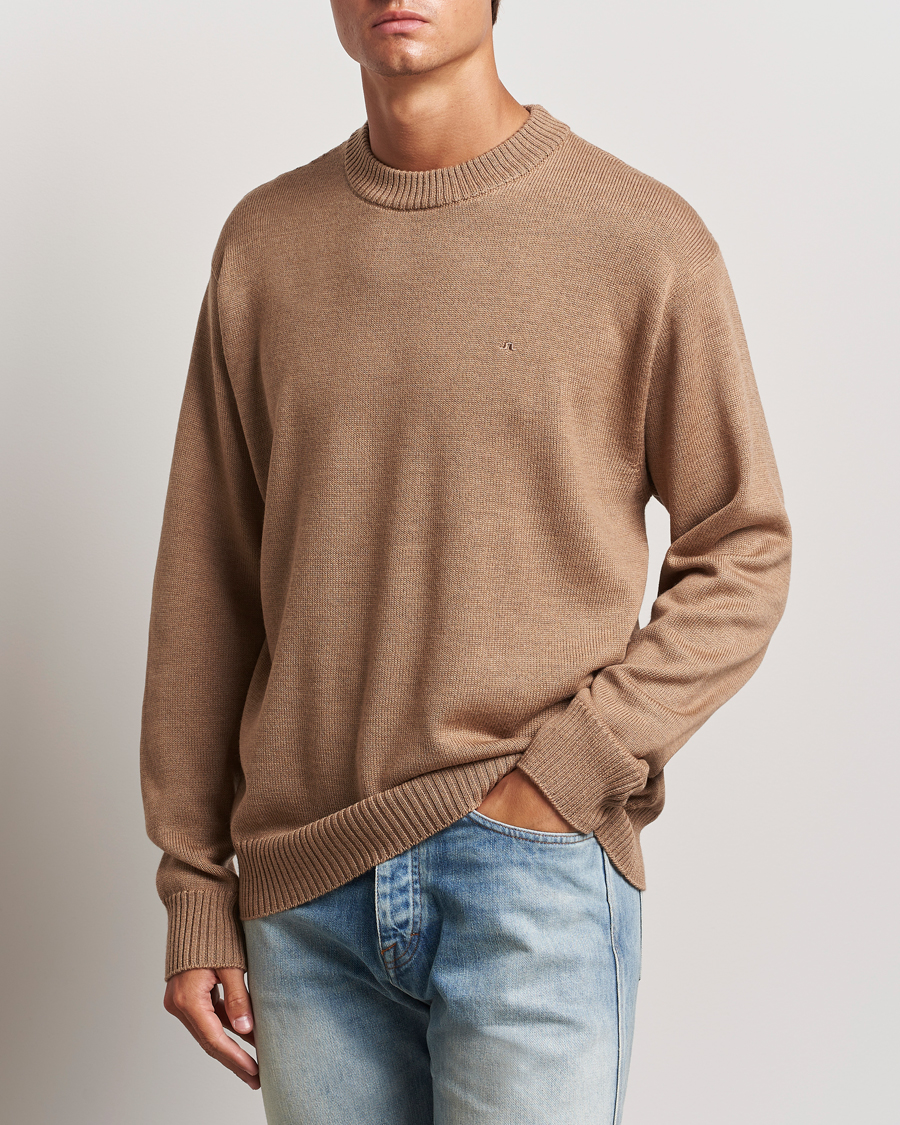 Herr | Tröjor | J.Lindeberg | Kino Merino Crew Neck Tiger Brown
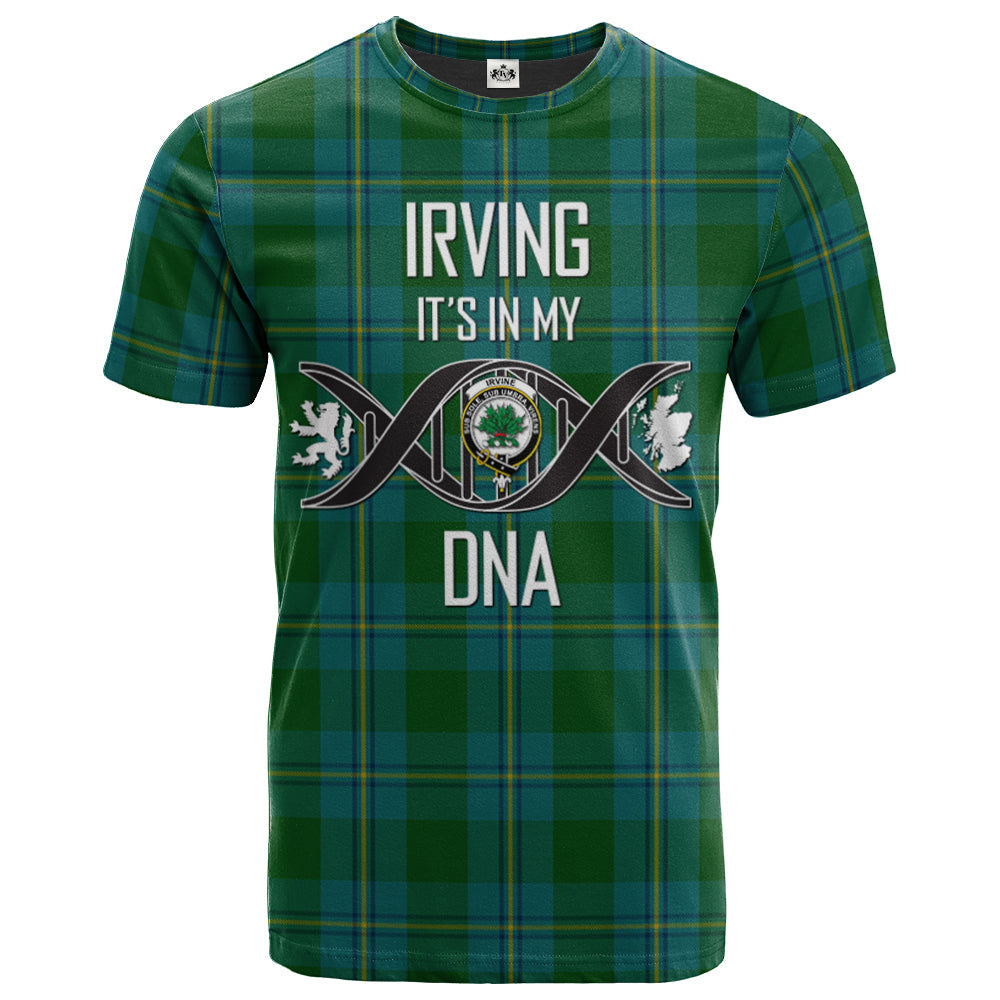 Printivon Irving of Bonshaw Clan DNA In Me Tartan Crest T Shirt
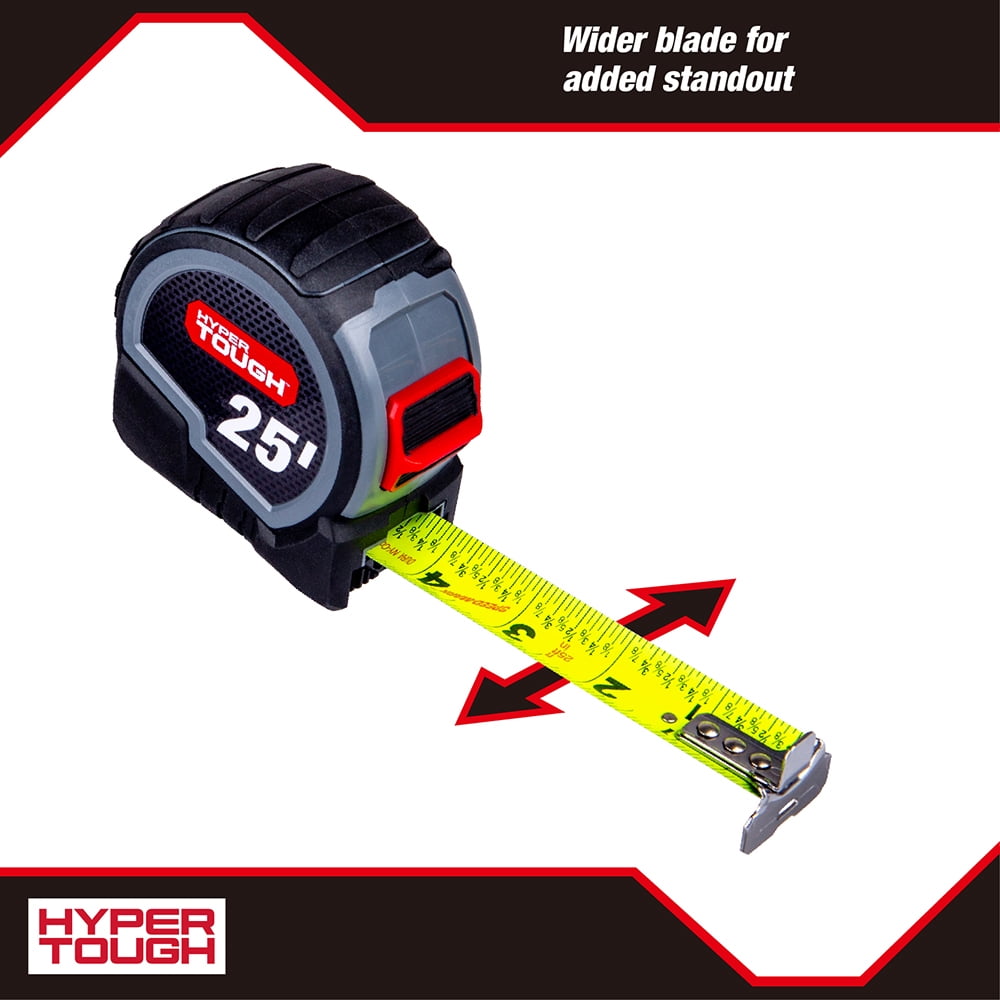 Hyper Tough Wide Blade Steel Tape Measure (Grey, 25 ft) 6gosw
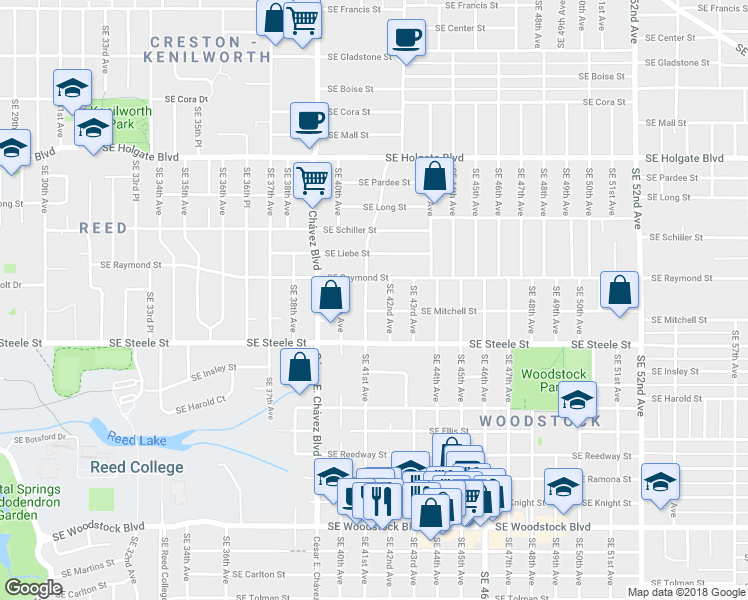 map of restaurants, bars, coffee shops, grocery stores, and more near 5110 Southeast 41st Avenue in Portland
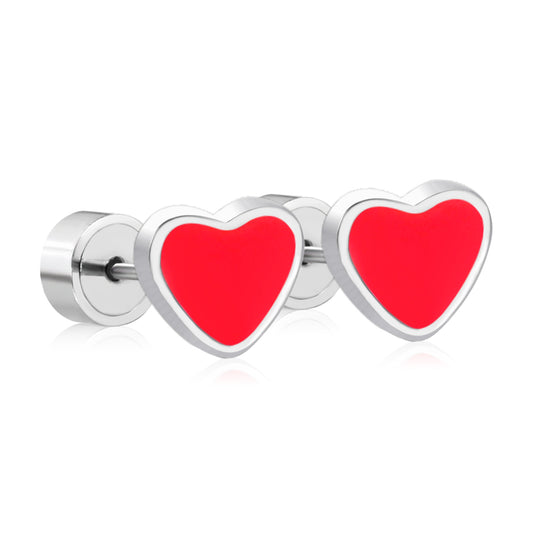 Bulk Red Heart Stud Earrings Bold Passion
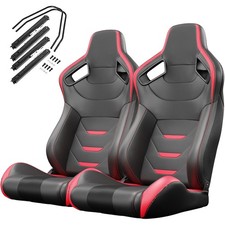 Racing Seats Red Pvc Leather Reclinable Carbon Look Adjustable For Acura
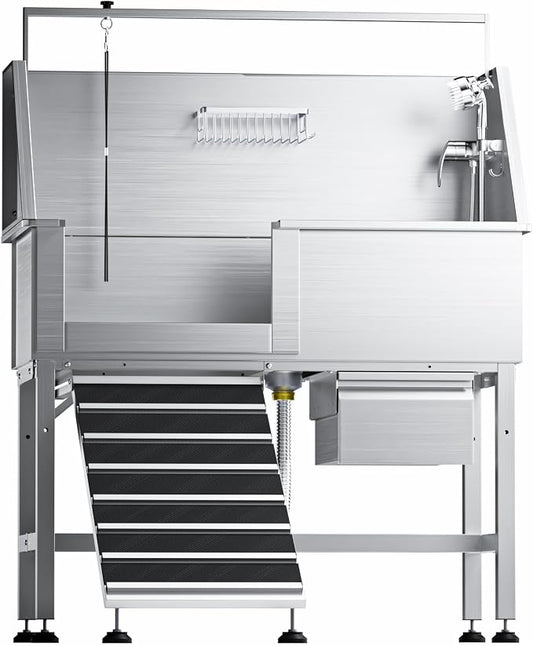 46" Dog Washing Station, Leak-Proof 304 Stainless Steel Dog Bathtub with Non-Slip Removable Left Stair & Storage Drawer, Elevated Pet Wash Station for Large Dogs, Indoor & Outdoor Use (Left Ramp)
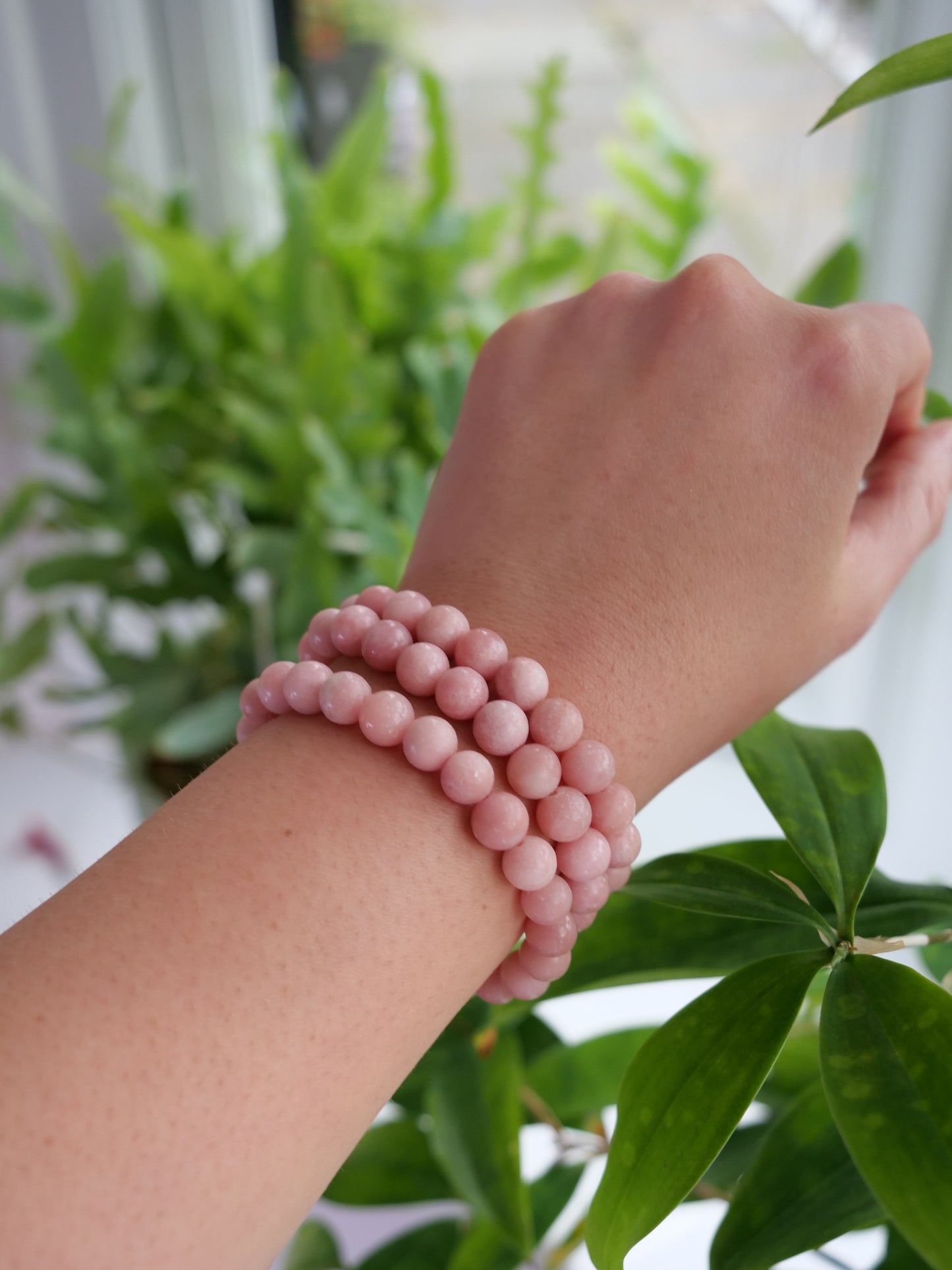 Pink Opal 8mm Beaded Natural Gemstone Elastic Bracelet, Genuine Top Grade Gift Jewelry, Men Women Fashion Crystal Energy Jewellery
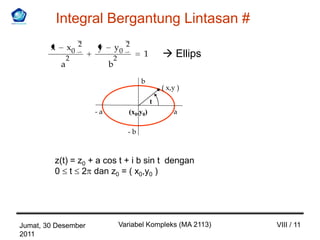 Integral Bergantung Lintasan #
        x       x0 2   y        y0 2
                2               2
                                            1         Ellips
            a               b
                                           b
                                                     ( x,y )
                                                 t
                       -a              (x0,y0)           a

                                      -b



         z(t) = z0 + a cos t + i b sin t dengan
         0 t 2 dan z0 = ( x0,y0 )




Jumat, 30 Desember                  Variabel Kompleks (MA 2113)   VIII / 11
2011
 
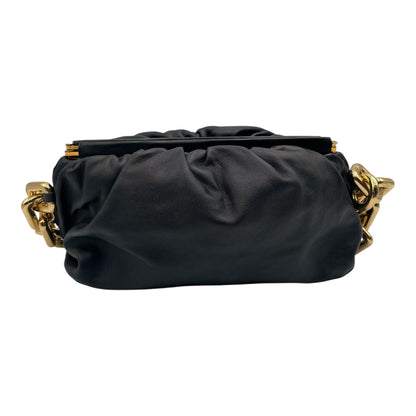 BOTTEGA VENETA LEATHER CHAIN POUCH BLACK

◆ **YOUR OBJECTIVE**: Transcribe the listing above verbatim. No picture belongs in the result.

◆ **ANSWER TO THIS PROBLEM**:
 Herr | Tröjor | J.Lindeberg | Kino Merino Crew Neck Tiger Brown
 Printivon Irving of Bonshaw Clan DNA In Me Tartan Crest T Shirt
 Hyper Tough Wide Blade Steel Tape Measure (Grey, 25 ft) 6gosw
 map of restaurants, bars, coffee shops, grocery stores, and more near 5110 Southeast 41st Avenue in Portland
 Bulk Red Heart Stud Earrings Bold Passion
 Racing Seats Red Pvc Leather Reclinable Carbon Look Adjustable For Acura
 46" Dog Washing Station, Leak-Proof 304 Stainless Steel Dog Bathtub with Non-Slip Removable Left Stair & Storage Drawer, Elevated Pet Wash Station for Large Dogs, Indoor & Outdoor Use (Left Ramp)
 Pink Opal 8mm Beaded Natural Gemstone Elastic Bracelet, Genuine Top Grade Gift Jewelry, Men Women Fashion Crystal Energy Jewellery
 Integral Bergantung Lintasan #
        x       x0 2   y        y0 2
                2               2
                                            1         Ellips
            a               b
                                           b
                                                     ( x,y )
                                                 t
                       -a              (x0,y0)           a

                                      -b



         z(t) = z0 + a cos t + i b sin t dengan
         0 t 2 dan z0 = ( x0,y0 )




Jumat, 30 Desember                  Variabel Kompleks (MA 2113)   VIII / 11
2011
 
 BOTTEGA VENETA LEATHER CHAIN POUCH BLACK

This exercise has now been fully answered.